Kilidj Arslan eut pour successeur son fils Chahan chah qui fut détrôné en 1116 par son frère Masoud. Ce prince mourut en 1154  et partagea son empire entre ses fils. Izz ed Din Kilidj Arslan II choisit Konieh (Auj. Konya, anc. Iconium) comme capitale et fut déposé en 1190 par son fils Kotb ed Din Malik chah qui mourut vers 1193, laissant le trône à son frère Ghyas ed Din Kai Khosraw. Ce souverain fut détrôné en 1200 par Rokn ed Din Soleiman II, également fils de Kilidj Arslan II, qui mourut vers 1204. Son fils, Kilidj Arslan III, fut déposé en 1205 après quelques mois de règne, et Ghyas ed Din Kai Khosraw remonta sur le trône; il fut tué en combat singulier par Théodore Lascaris en 1210. Il eut pour successeurs : 

El Mélik et Ghalib Izz ed Din Kaï Kaous, fils de Ghyas ed Din Kai Khosraw (mort en 1219); Ala ed Din Kai Kobad, fils de Kai Khosraw (mort en 1246); Gyas ed Din Kai Khosraw II, fils de Kai Kobad (mort en 1244); Izz ed Din Kai Kaous II, fils de Kai Khosraw II, qui fut obligé par les Mongols de céder une partie de ses états à son frère Kilidj Arslan en 1255; il abdiqua en 1263; Rokn ed Din Kilidj Arslan IV, massacré par les Mongols en 1267; Ghyas ed Din Kai Khosraw III, fils de Kilidj Arslan IV, qui régna sous la tutelle des Mongols qui le tuèrent en 1283; Masoud II, fils d'lzz ed Din Kai Kaous II, qui s'empoisonna en 1308.

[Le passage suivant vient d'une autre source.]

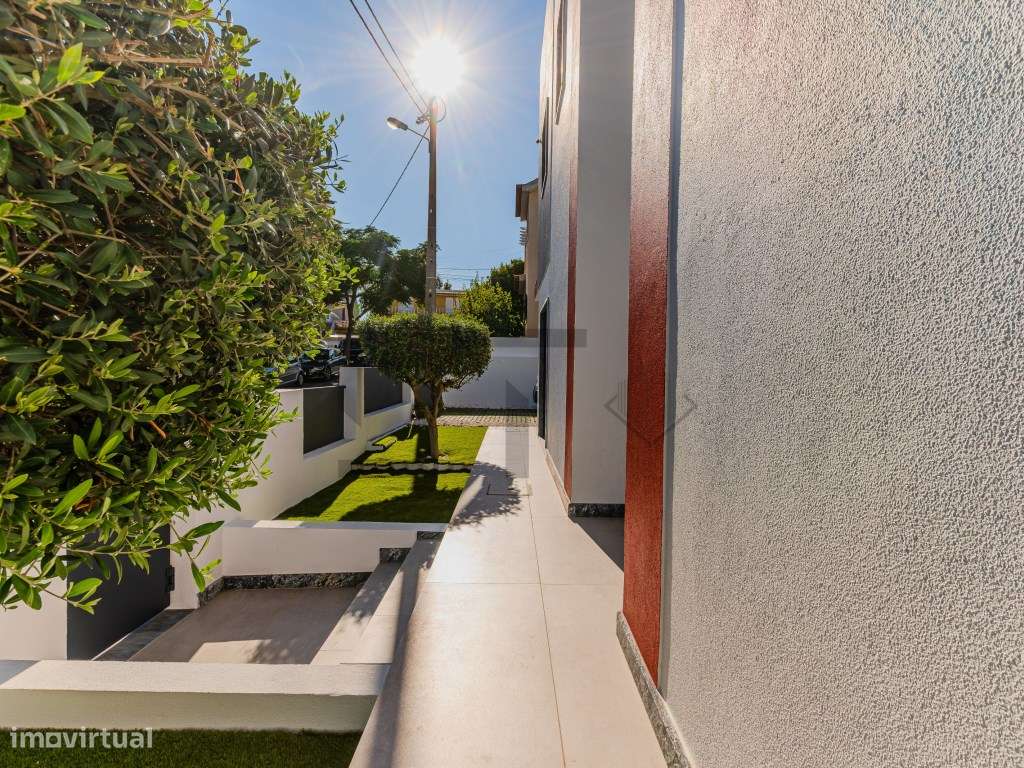 Fantástica Moradia T4 Moderna com Vista Mar, Jardim e Estacionament...-59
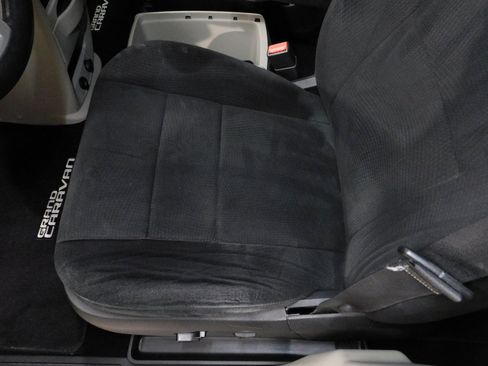 Used 2011 Dodge Grand Caravan SXT image 34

Les Seldjoukides du Kirman.
A la mort de Mélik chah, son Cousin Sultan chah, fils de Kaverd, gouvernait le Kirman; il se déclara indépendant comme l'avait fait Kilidj Arslan dans le pays de Roum; les historiens orientaux font généralement de Kaverd le premier prince de cette dynastie qui compta onze souverains qui régnèrent environ durant 150 ans. Voici leur liste, d'après le Tarikh-i Mounedjim Bashi : 

Kaverd, fils de Djaghribeg, frère cadet de Toghril (morte en 1072); Sultan chah, son fils (mort en 1084); Touranchah, frère de Sultan chah (mort en 1095); Iranchah, fils de Touran chah (mort en 1100); Arslan chah Ier, fils de Kermanshah, fils de Kaverd (mort en 1136); Moughis ed Din Mohammed, fils d'Arslan chah Il, également nommé Touranchah (mort en 1156); Mohyi ed Din Toghril chah, fils d'Arslan Shah II (mort en 1160); Arslan chah, fils du précédent (mort en 1168); Behram chah, fils de Mohyi ed Din Toghril Shah (mort en 1169); Touranchah, fils de Mohyi ed Din, Mohammed chah, fils de Behram chah, qui se disputent la couronne; Mélik Dinar, de la lignée d'Ali, qui s'empare du Kirman en l'an 583 de l'hégire.
Les Seldjoukides de Syrie.
Cette branche se détacha également de la dynastie des Seldjoukides de l'Iran à l'époque de la mort du sultan Mélik chah. Voici la liste des souverains qui la composèrent : 
Ak-Sonkor Kasim ed Danlèh (mort en 1094); Tutuch, frère de Mélik chah assassine Al-Sonkor Kasim ed Daulah et est assassiné a son tour par le sultan Barkaryok en 1095; Ridvan, fils de Tutuch (mort en 1114); Alp Arslan et Akhras (mort en 1115); Sultan chah, frère et successeur d'Alp Arslan, se laisse enlever Alep par le prince de Mardin, Ilghazi en 1118. (E. Blochet).